The supply crunch has become a crisis, he said, because much product is being funnelled to the recreational sales stream, which became legal on October 17.

Medical patients, Laurie says, are therefore suffering severe pain and other problems.

“It can be anything: severe pain, IBS (irritable bowel syndrome),” he said.

“You tell me, if you’re a medical patient and you don’t take your medicine, take your pick of what will happen. That’s the situation that a patient should not be faced with. The government has said you can only get weed from us. If you get weed outside that, it’s illegal.

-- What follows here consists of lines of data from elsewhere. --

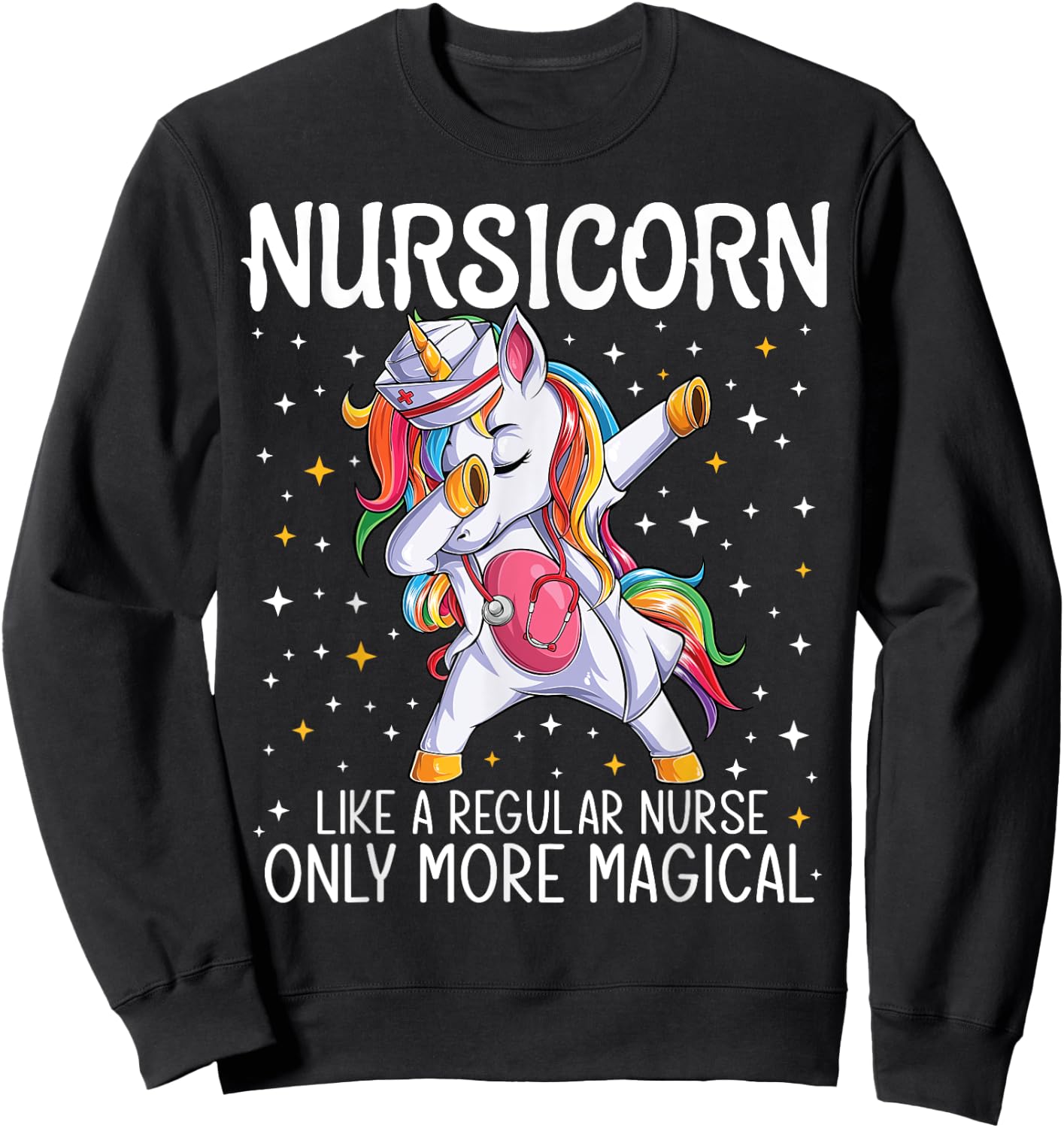 Dabbing Unicorn Nursicorn Funny Nurse Gift women men CNA RN Sweatshirt - Sweatshirt | Black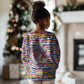 Haiti Christmas Kid Ugly Christmas Sweater Blue Red Yellow Xmas Santa Sleigh and Coat of Arms - African Pride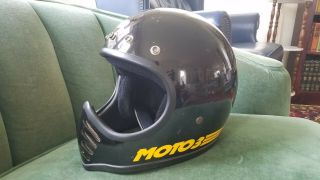 Vintage Black Bell Moto Star 3 Motorcycle Bmx Motocross Helmet 1980 Size 7 56cm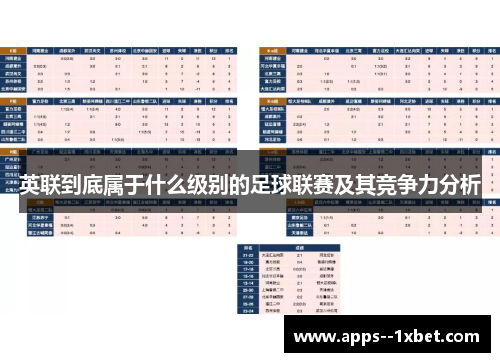 英联到底属于什么级别的足球联赛及其竞争力分析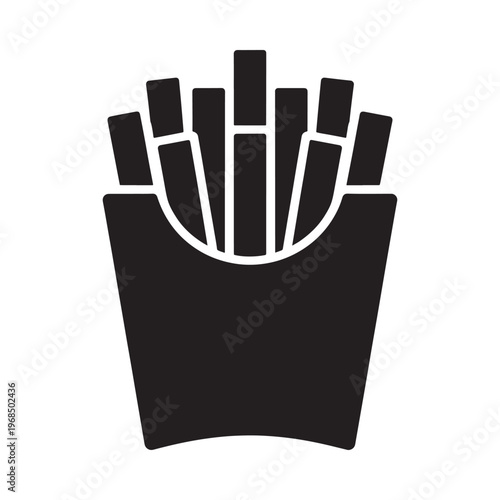 Simple black and white illustration of french fries in a container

That forces patients to go, ‘I either have to follow the law and go without my medicine, which will have adverse considerations [or break the law.]’”

Terry Roycroft, president of the Vancouver-based chain of medical clinics Medicinal Cannabis Resource Centre Inc., agreed.

He told BIV December 7 that about 25% to 30% of his clinics’ patients have not been able to get their preferred products.

Terry Roycroft

(Image: Terry Roycroft is president of the Vancouver-based chain of medical clinics Medicinal Cannabis Resource Centre Inc. | submitted)

“We have to sign them up with multiple [licensed] producers so that if the producer that they have first chosen doesn’t have product, or their specific product, they have the ability now to go to others.”

Cannabis Compliance Inc. vice-president of business development Deepak Anand said that the likelihood of the federal government agreeing to loosen regulations to allow medical patients to access cannabis from non-licensed producers on a temporary basis was very slim, or more accurately, “closer to none.”

Roycroft is one of the speakers set to address a panel at the O’Cannabiz Conference and Expo on December 10. That conference is the largest cannabis conference in Canada since the federal government legalized recreational cannabis sales.